[REVIEW/TEST] polling(4) changes

Fri Oct 7 03:18:44 PDT 2005

> d> > d> Seems to be a first considerable step regarding the ideas discussed in March :)
> d> > d> But, my idea about the separate locking of each interface dissappeared from this implementation. mtx_poll is good to protect the pollrec array and other sensitive variables. But we could get advantage of SMP machines writing polling loops like this:
> d> > d> 
> d> > d> for( i = 0; i < poll_handlers; ++i ) {
> d> > d>   mtx_lock( &iface_lock[i] );
> d> > d>   pr[i].handler(pr[i].ifp, POLL_ONLY, count);
> d> > d>   mtx_unlock( &iface_lock[i] );
> d> > d> }
> d> > 
> d> > What is the benefit here? The driver must have its own lock.
> d> 
> d> Well, consider the absense of the mtx_poll lock:
> d> 
> d> - mtx_lock( &mtx_poll );
> d>   for( i = 0; i < poll_handlers; ++i ) {
> d> +   mtx_lock( &iface_lock[i] );
> d>     pr[i].handler( pr[i].ifp, POLL_ONLY, count );
> d> +   mtx_unlock( &iface_lock[i] );
> d>   }
> d> - mtx_unlock( &mtx_poll );
> d> 
> d> So, several kernel threads in an SMP machine can poll different interfaces simultaneously. And mtx_lock should only be used in ether_poll_[de]register().
> 
> Imagining that we will have several polling threads in future, the above design
> has some disadvantages, I think:
> 
> First, we still need to protect the array pr[], with some mutex while traversing
> it, and while editing it in ether_poll_[de]register. May be like it was done in
> kern_poll.c, rev 1.21.
> 
> Second, the approach above won't give a nice parallelization. Imagine two threads,
> both working in a cycle shown above. They will contest on the lock of each interface:
> 
> - t1 starts
> - t1 locks iface_lock[1]	- t2 starts
> - t1 polls pr[1]...		- t2 blocks on iface_lock[1]
> - t1 polls pr[1]...
> - t1 polls pr[1]...
> - t1 polls pr[1]...
> - t1 polls pr[1]...
> - t1 unlocks iface_lock[1]	- t2 locks iface_lock[1]
> - t1 locks iface_lock[2]	- t2 polls empty pr[1], quickly returns
> - t1 polls pr[2]...		- t2 unlocks iface_lock[1]
> - t1 polls pr[2]...		- t2 blocks on iface_lock[2]
> - t1 polls pr[2]...
> - t1 polls pr[2]...
> - t1 polls pr[2]...
> - t1 polls pr[2]...
> - t1 unlocks iface_lock[2]	- t2 locks iface_lock[2]
> - t1 locks iface_lock[3]	- t2 polls empty pr[2], quickly returns
> - t1 polls pr[3]...		- t2 unlocks iface_lock[2]
> 
> So, one thread works, and other just goes after the first one, and picks
> only a small number of packets, or even just wastes CPU cycles.
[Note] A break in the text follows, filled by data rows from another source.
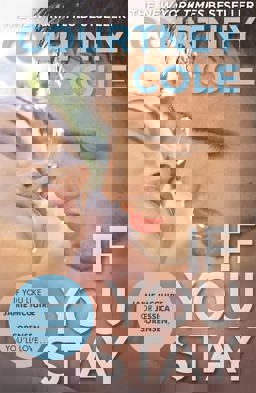 If You Stay  9781444785678 Front Cover
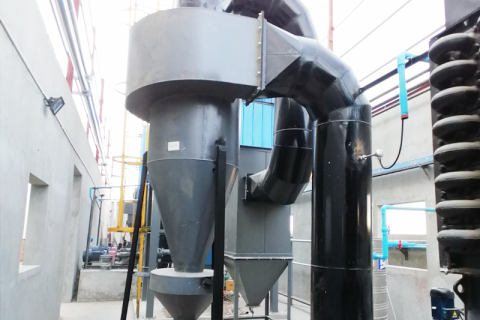 Is Your Single Pipe Cyclone Dust Remover Costing You More Than You Think?
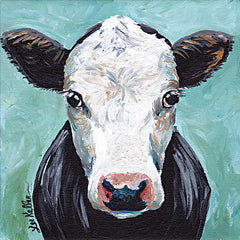 LK117 - Maybelline the Cow - 12x12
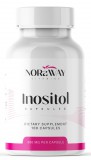 Creams of Norway NORaWAY Inositol 500mg 100db kapszula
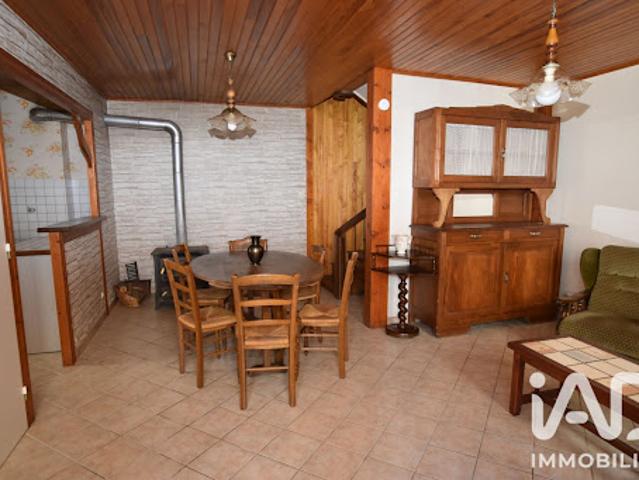 Maison vente à Ollagnie, Clelles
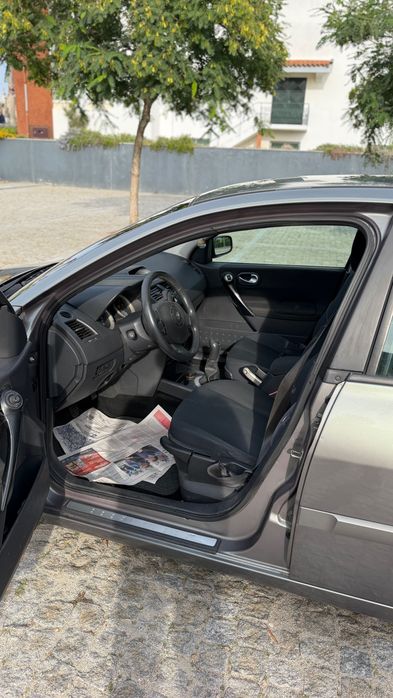 Renault megane Gasóleo 2003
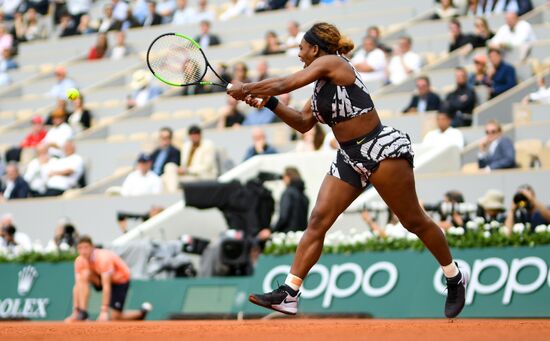 France Tennis French Open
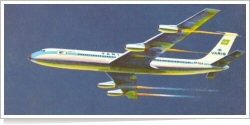 VARIG Boeing B.707-441 PP-VJA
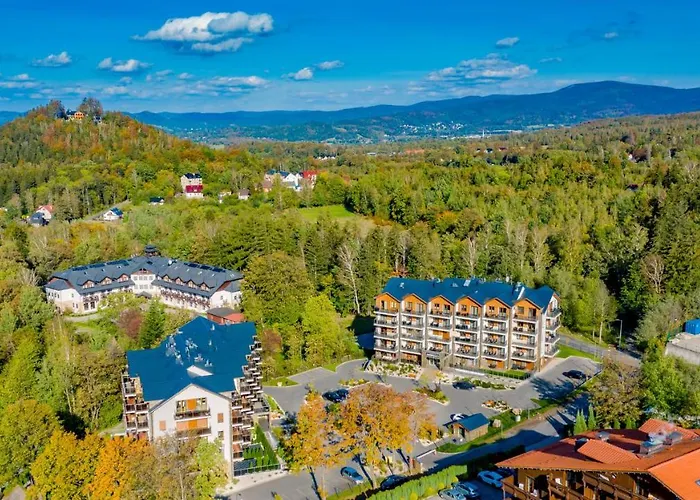 Apartament Sun&snow Ogrodnicza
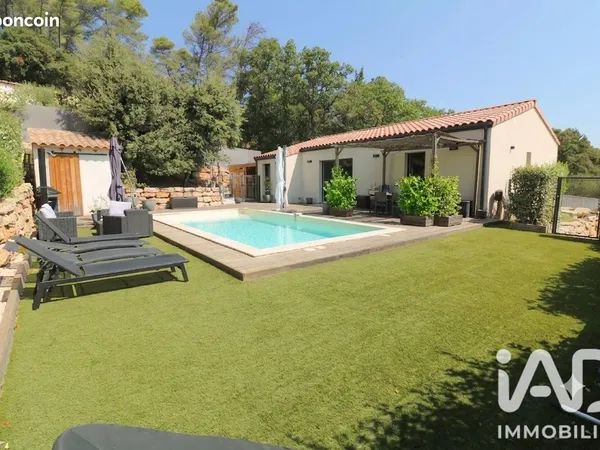 Villa 4 pièces 87 m²
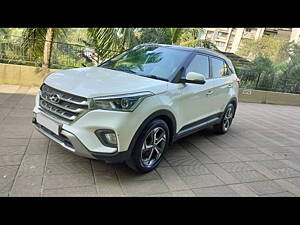 Second Hand Hyundai Creta SX 1.6 AT Petrol in Mumbai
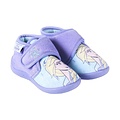 Disney Disney Frozen 2 Hausschuhe Klettverschluss Schneeflocke Disney Disney Frozen 2 Hausschuhe Klettverschluss Schneeflocke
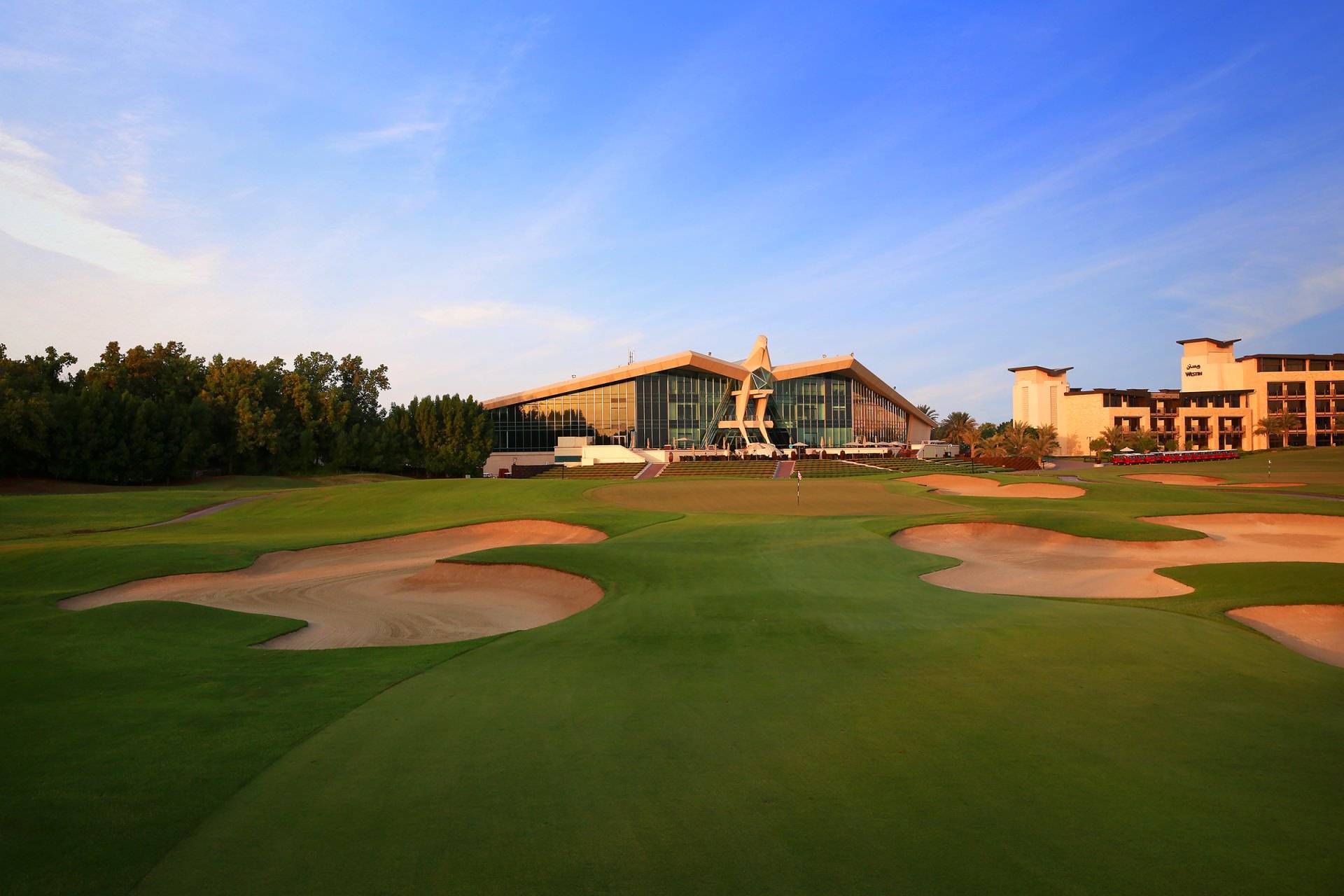 ABU DHABI GOLF CLUB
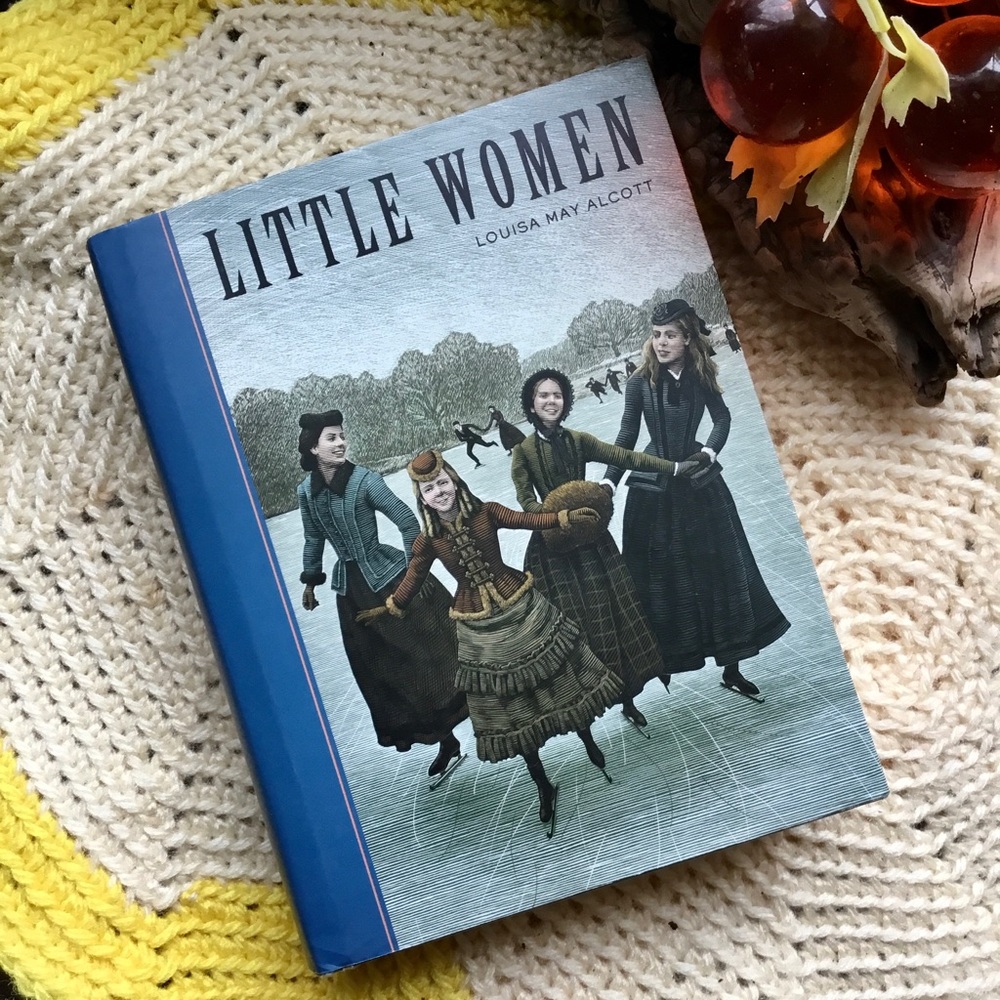 Little Women by Louisa May Alcott: Hardcover 2004
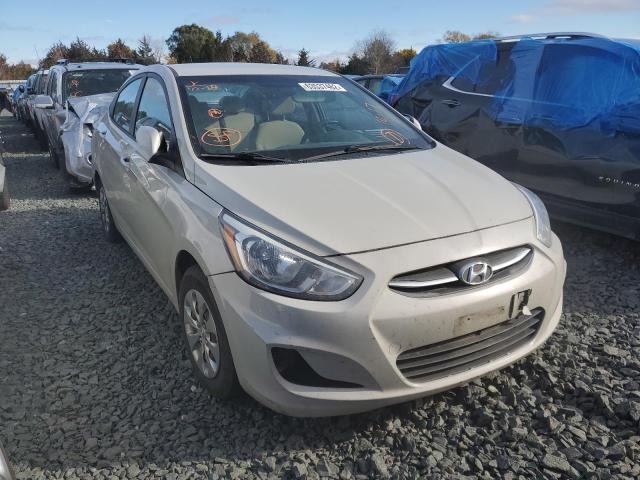 HYUNDAI ACCENT SE 2016 kmhct4ae7gu094625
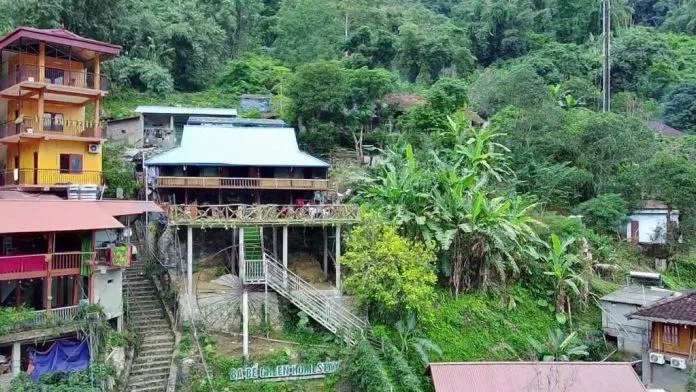Ba bể Green Homestay (Nguồn: Internet) Ba bể Green Homestay (Nguồn: Internet)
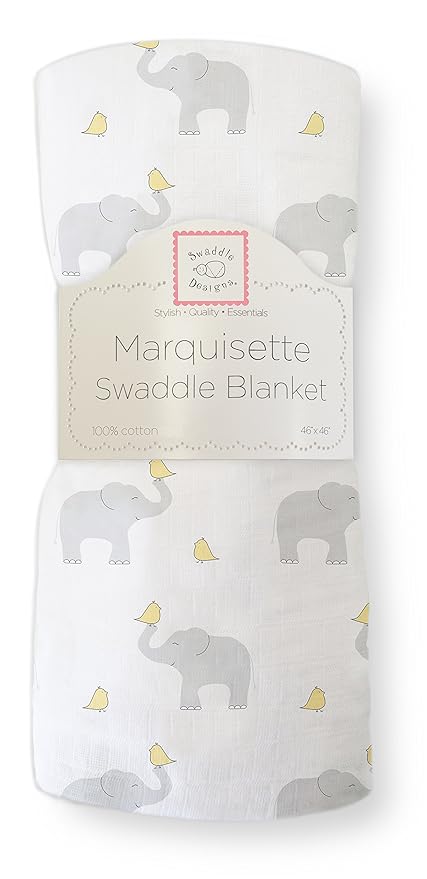 elephant swaddle
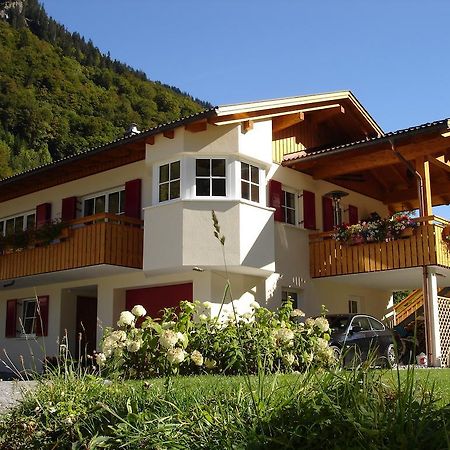 Haus Telisia Lägenhet Klosterle am Arlberg Exteriör bild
The loop body should really look like
  if( mtx_try_lock( &iface_lock[i] ) ) {
    pr[i].handler( pr[i].ifp, POLL_ONLY, count );
    mtx_unlock( &iface_lock[i] );
  }
I skipped this first to make the idea clearer.

> Really we do not have several kernel threads in polling. netisr_poll() is always
> run by one thread - swi1:net. Well, we have also idle_poll thread, but it is
> very special case. Frankly speaking, it can't work without help from netisr_poll().
> The current polling is designed for a single threaded kernel, for RELENG_4. We
> can't achieve parallelization with strong redesign. The future plans are to create
> per-interface CPU bound threads. The plans can change. You are welcome to help.

idle_poll can significantly increase network response time. I'd suggest per-CPU (not per-interface) threads. This would keep user_frac code much simpler. Not sure about the coding help in the next weeks. My current project is on the pre-release stage and the kid is going to be born soon. I can join a bit later though.